Environmental Matters and Regulation

Our operations are subject to stringent and complex federal, state and local laws, rules, and regulations that govern the protection of the environment, as well as the discharge of materials into the environment. These laws, rules, and regulations may, among other things:

·

require the acquisition of various permits before drilling commences;

·

require the installation of pollution control equipment in connection with operations;

·

place restrictions or regulations upon the use of the material based on our operations and upon the disposal of waste from our operations;

·

restrict the types, quantities and concentrations of various substances that can be released into the environment or used in connection with drilling, production and transportation activities;

·

limit or prohibit drilling activities on lands lying within wilderness, wetlands and other protected areas; 

·

require remedial measures to mitigate pollution from former and ongoing operations, such as site restoration, pit closure and plugging of abandoned wells; and

·

require the expenditure of significant amounts in connection with worker health and safety.

These laws, rules, and regulations may also restrict the rate of oil and natural gas production below the rate that would otherwise be possible. The regulatory burden on the oil and natural gas industry increases the cost of doing business in the industry and consequently affects profitability. Additionally, Congress and federal, state and local agencies frequently revise environmental laws and regulations, and such changes could result in increased costs for environmental compliance, such as waste handling, permitting, or cleanup for the oil and natural gas industry and could have a significant impact on our operating costs. In general, the oil and natural gas industry recently has been the subject of increased legislative and regulatory attention with respect to environmental matters.  For example, the EPA has identified environmental compliance by the energy extraction sector as one of its enforcement initiatives for 2014-2016.

The following is a summary of some of the existing laws, rules, and regulations to which our business operations are subject.

Solid and Hazardous Waste Handling

The federal Resource Conservation and Recovery Act and comparable state statutes regulate the generation, transportation, treatment, storage, disposal and cleanup of hazardous solid waste.

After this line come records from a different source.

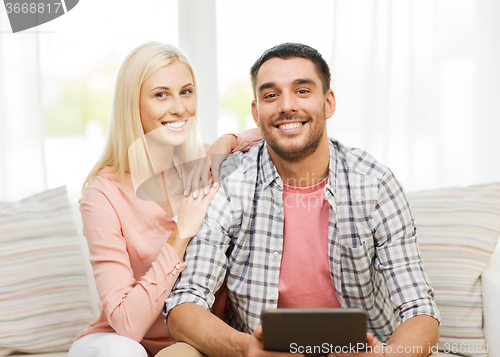 Image of smiling happy couple with tablet pc at home
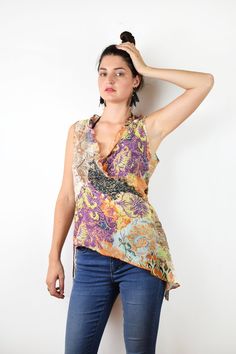 Floral asymmetrical blouse In great condition Tag: Labod Material: 68% cotton, 32% silk Size: Eu 42, medium, large bust 41 cm = 16 in length 56 cm = 22 in waist 40 cm =15,5 in Thank you for your visit! View more products: https://www.etsy.com/shop/VintageSeventhHeaven Feel free to contact me if you have any questions. Sleeveless Orange Cotton Blouse, Fitted Multicolor Asymmetrical Top, Multicolor Asymmetrical Hem Tops For Summer, Sleeveless Purple Cotton Blouse, Purple Cotton Sleeveless Blouse, Bohemian Blouse With Asymmetrical Hem For Summer, Purple Sleeveless Bohemian Tops, Bohemian Summer Tops With Asymmetrical Hem, Bohemian Tops With Asymmetrical Hem For Summer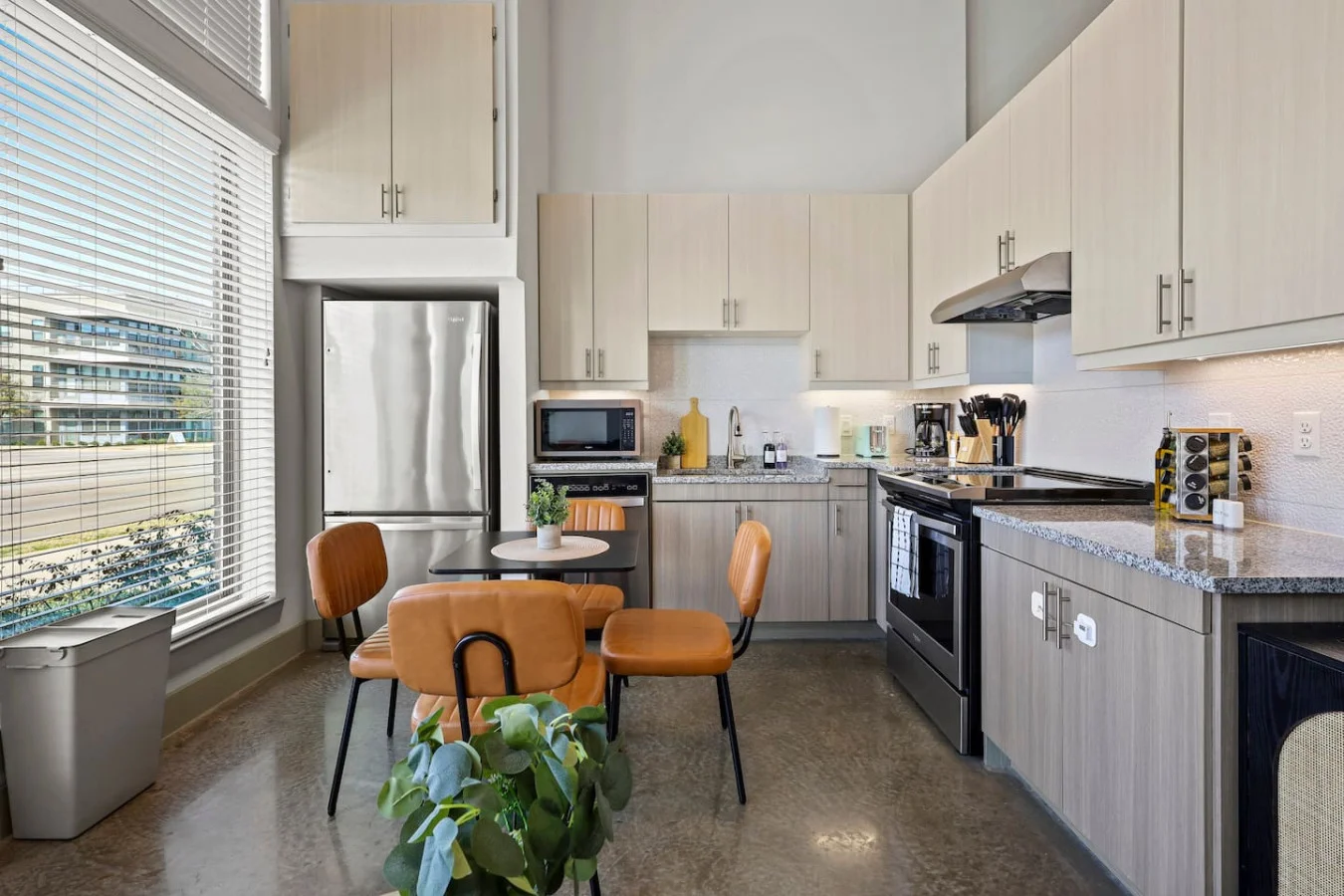 The kitchen’s open layout allows you to move freely as you prepare meals, with everything you need at your fingertips.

Although oil and natural gas waste generally is exempt from regulations as hazardous waste under RCRA, we generate waste as a routine part of our operations that may be subject to RCRA and not all states similarly exempt oil and gas waste from hazardous waste regulation. Although a substantial amount of the waste generated in our operations is regulated as non-hazardous solid waste rather than hazardous waste, there is no guarantee that the EPA or individual states will not adopt more stringent requirements for the handling of non-hazardous waste or categorize some of our waste as hazardous in the future. Any such change could result in an increase in our costs to manage and dispose of waste, which could have a material adverse effect on our results of operations and financial position.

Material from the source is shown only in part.